I have a large Excel-sheet with has one column that contains several different identifiers (e.g. ISBNs). I have converted the sheet to a pandas dataframe and transformed the column with the identifiers to a list. A list entry of one row of the original column looks like this:
'ISBN:978-9941-30-551-1 Broschur : GEL 14.90, IDN:1215507534'
However, they aren't all the same, there are some with ISBNs, some don't have one, some have more entries, some less (5 in the example above) and the different IDs are mostly, but not all, separated by a comma.

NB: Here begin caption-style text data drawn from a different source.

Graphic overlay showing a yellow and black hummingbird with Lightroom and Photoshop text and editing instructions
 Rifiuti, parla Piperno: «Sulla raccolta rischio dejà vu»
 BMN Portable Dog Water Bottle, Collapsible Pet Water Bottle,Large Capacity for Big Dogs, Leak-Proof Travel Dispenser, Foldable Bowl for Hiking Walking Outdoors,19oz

In the next step, I have build a function that runs through the various list-items (one long string like the one above) and then splits this into the different words (so I get something like
'ISBN:978-9941-30-551-1', 'Broschur :', 'GEL', '14.90', 'IDN:1215507534'
I am looking to extract the values for ISBN and IDN, where present, to then add a designated column for ISBN and one for IDN to my original dataframe (instead of the "identifier"-column that contains the mixed data).
I now have the following code, which kind of does what it's supposed to, only I end up with lists in my dictionary and therefore a list for each entry in the resulting dataframe. I am sure there must be a better way of doing this, but cannot seem to think of it...
def find_stuff(item):
list_of_words = item.split()
ISBN = list()
IDN = list()
for word in list_of_words:
if 'ISBN' in word:
var = word
var = var.replace("ISBN:", "")
ISBN.append(var)
if 'IDN' in word:
var2 = word
var2 = var2.replace("IDN:", "")
IDN.append(var2)
sum_dict = {"ISBN":ISBN, "IDN":IDN}
return sum_dict
output = [find_stuff(item) for item in id_lists]
print(output)
Any help very much appreciated :)